Lightweight Implementations of NIST P-256 and SM2 ECC on 8-bit Resource-Constraint Embedded Device

Abstract

Elliptic Curve Cryptography (ECC) now is one of the most important approach to instantiate asymmetric encryption and signature schemes, which has been extensively exploited to protect the security of cyber-physical systems. With the advent of the Internet of Things (IoT), a great deal of constrained devices may require software implementations of ECC operations. Under this circumstances, the SM2, a set of public key cryptographic algorithms based on elliptic curves published by Chinese Commercial Cryptography Administration Office, was standardized at ISO in 2017 to enhance the cyber-security. However, few research works on the implementation of SM2 for constrained devices have been conducted.
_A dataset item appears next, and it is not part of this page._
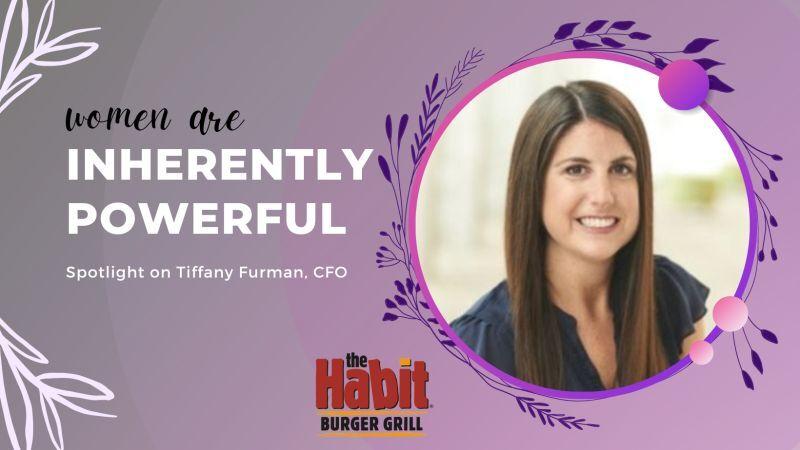 Tiffany Furman, portrait framed with purple leaves. The Habit Burger Grill logo and "Women are inherently powerful. Spotlight on Tiffany Furman, CFO"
In this work, we fill this gap and propose our efficient, secure, and compact implementation of scalar multiplication on a 256-bit elliptic curve recommended by the SM2, as well as a comparison implementation of scalar multiplication on the same bit-length elliptic curve recommended by NIST. We re-design some existent techniques to fit the low-end IoT platform, namely 8-bit AVR processors, and our implementations evaluated on the desired platform show that the SM2 algorithms have competitive efficiency and security with NIST, which would work well to secure the IoT world.